What is a cluster?
A cluster is a group of independent computers working together as a single system to ensure that mission-critical applications and resources are as highly-available as possible. The group of computers is managed as a single system, it shares a common namespace, and it is specifically designed to tolerate component failures. A cluster supports the addition or removal of components in a way that's transparent to users. Clustered applications have several advantages: fault-tolerance, high-availability, scalability, simplified management and support for rolling upgrades as well as other planned maintenance activities, to name a few.
There are two different types of cluster models in the industry: the shared device model and the shared nothing model.
In the shared device model, applications running within a cluster can access any hardware resource connected to any node in the cluster.
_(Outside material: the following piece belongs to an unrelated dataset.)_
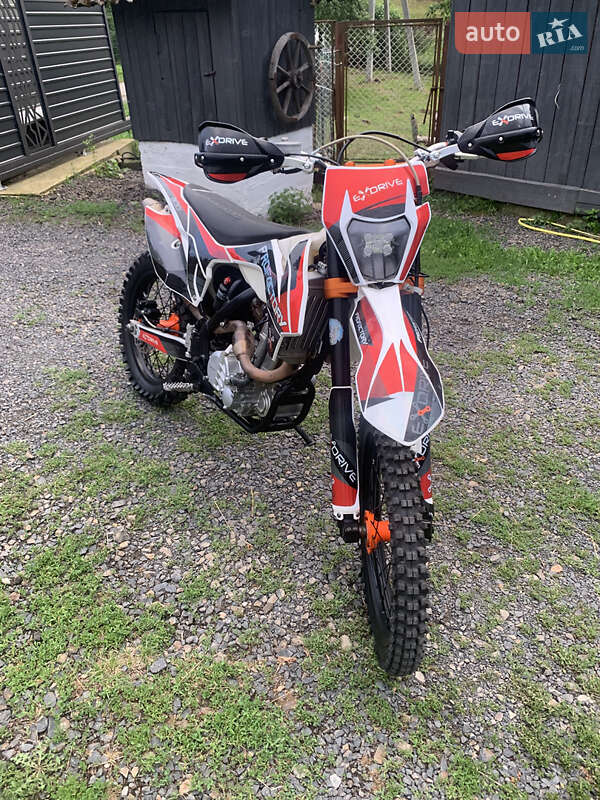 Мотоцикл Внедорожный (Enduro) Exdrive Profactory 300 2025 в Сваляве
As a result, access to the data must be synchronized. In many such implementations, a special component called a Distributed Lock Manager (DLM) is used for this purpose. A DLM is a service that manages access to cluster hardware resources. When multiple applications access the same resource, the DLM resolves any conflicts that might arise. Along with this sophistication and complexity, a DLM adds significant overhead to the cluster. Most of the performance loss is displayed as additional traffic between nodes; however, a performance hit is also realized due to the loss of serialized access to hardware resources.
By default, Microsoft Cluster Server and the Windows Cluster Service use the shared nothing model. Because this model does not use a DLM, it does not have the overhead incurred by using such a service. In the shared nothing model, only one node can own and access a single hardware resource at any given time. When failure occurs, a surviving node can take ownership of the failed node's resources and make them available to users.
While both Microsoft Cluster Server and the Windows Cluster Service support the shared nothing model, they can use the shared device model, but only if the clustered application supplies its own DLM.
Why should organizations use clusters?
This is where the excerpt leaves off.